No. shadcn/ui builds its Toggle on @radix-ui/react-toggle and its grouped form on @radix-ui/react-toggle-group. Drivn's Toggle imports only React and a class-merge helper — it is a plain forwardRef button that tracks pressed state with useState and reflects it through aria-pressed and a data-state attribute, with zero runtime UI dependencies.

The main trade is the grouped keyboard model. Radix's ToggleGroup implements a roving tabindex so arrow keys move focus between items; Drivn's Toggle.Group is a lighter React context that toggles values without arrow-key roving focus. The standalone Toggle still sets aria-pressed and announces correctly, and you gain a single dependency-free file you fully own after install.

No. Drivn ships both from one file using the Object.assign dot-notation pattern, so a single npx drivn add toggle gives you the standalone Toggle and Toggle.Group together. shadcn/ui splits them into two components — toggle and toggle-group — that you add separately. In Drivn you import Toggle once and access the group as Toggle.Group.

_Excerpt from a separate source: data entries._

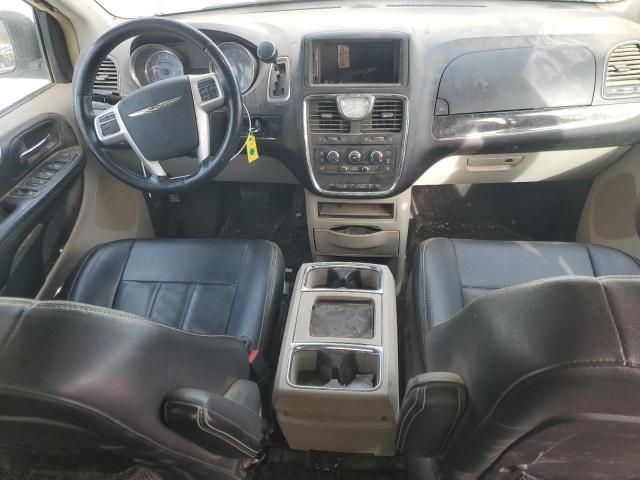 2015 Chrysler Town & Country lx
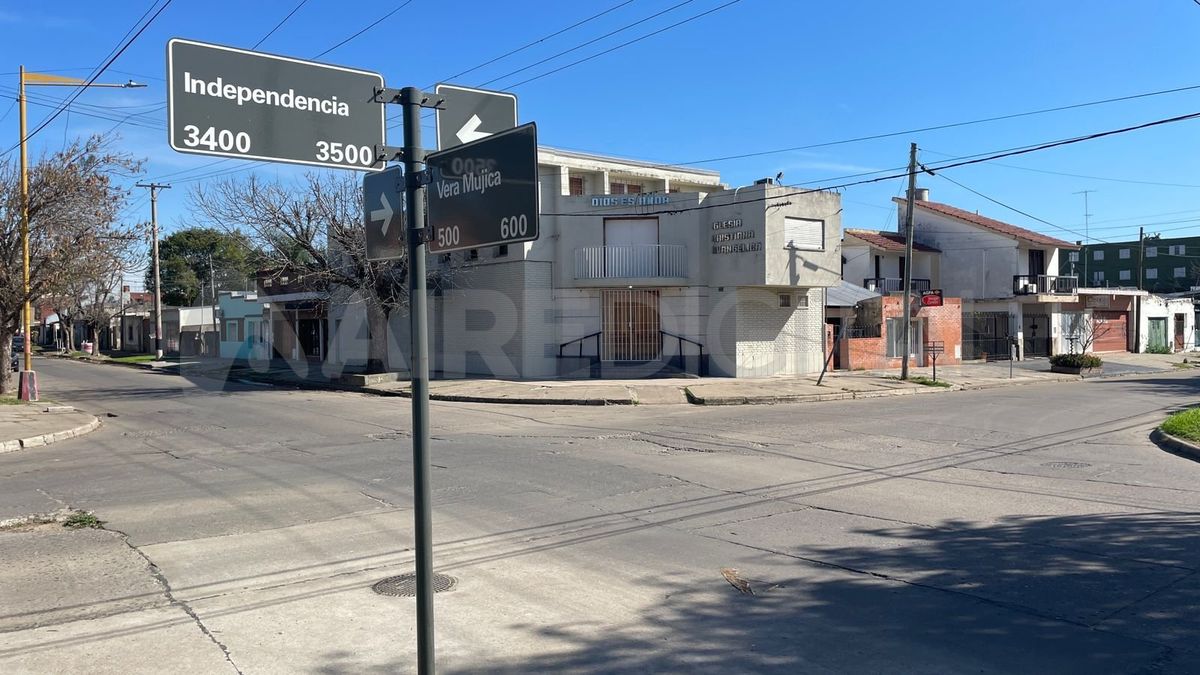 Varios vecinos de Barrio Centenario se encuentran sin agua producto del vandalismo. Varios vecinos de Barrio Centenario se encuentran sin agua producto del vandalismo.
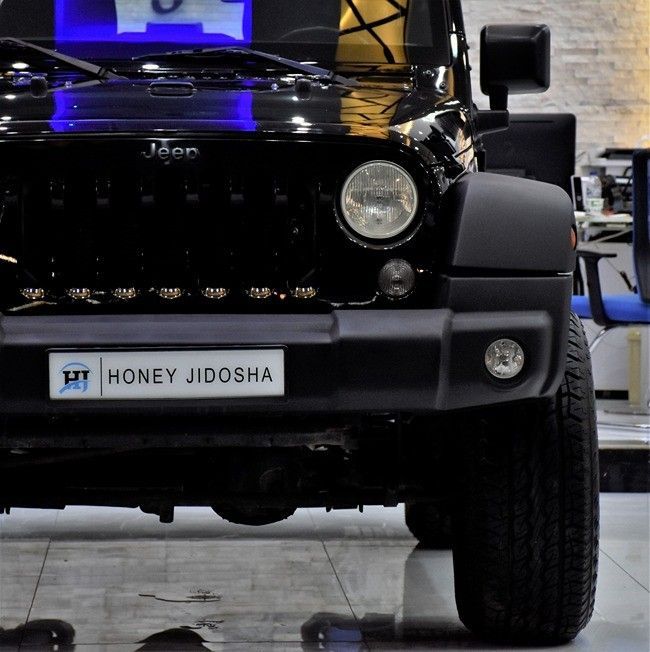 Used Jeep Wrangler III (JK), 3.6 l, 2016 in Sharjah by Honey Gidosha Used Cars Tr., Black color.  | AUTO.AE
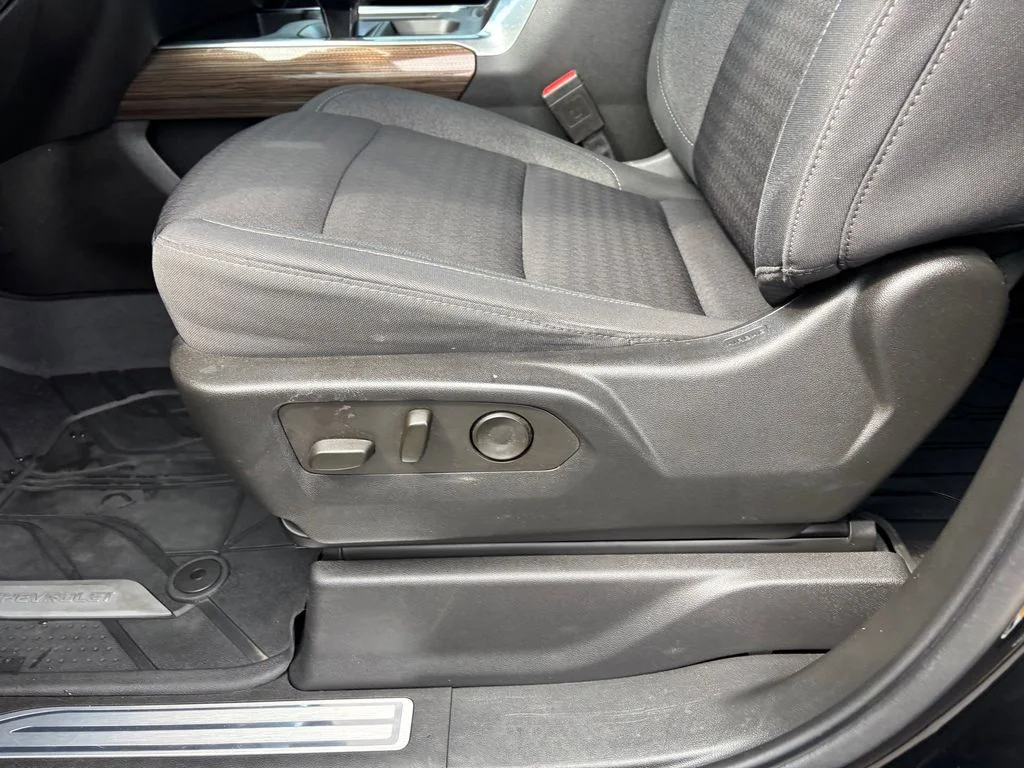Used 2022 Black Chevrolet RST image 22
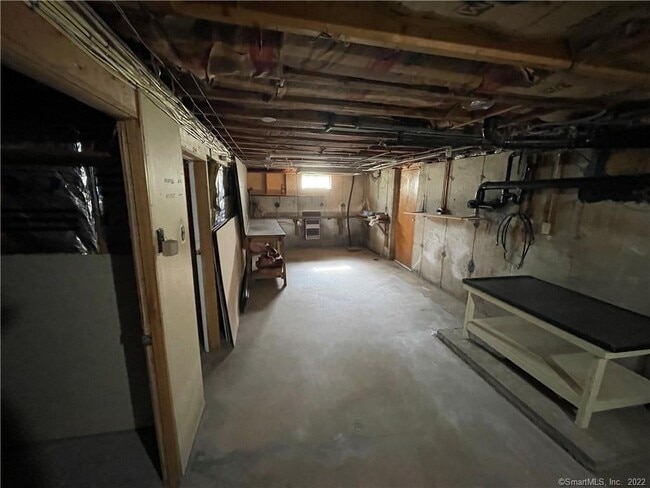 Building Photo - 85 Brentwood Dr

Drivn keeps every class in a co-located styles object and indexes into it with a typed key, styles.variants[variant], where variant is keyof typeof styles.variants. There is no cva function and no magic strings — the variant names autocomplete from the object. shadcn generates the same default and outline variants with a cva toggleVariants function instead.

Pick Drivn when you want a zero-dependency Toggle you own outright — one file, no Radix version to track, no cva in your bundle, single and grouped forms together with dot notation. Pick shadcn when you specifically need Radix's roving-tabindex keyboard model for grouped toggles. For most toolbars and single toggles, Drivn's lighter build covers the use case.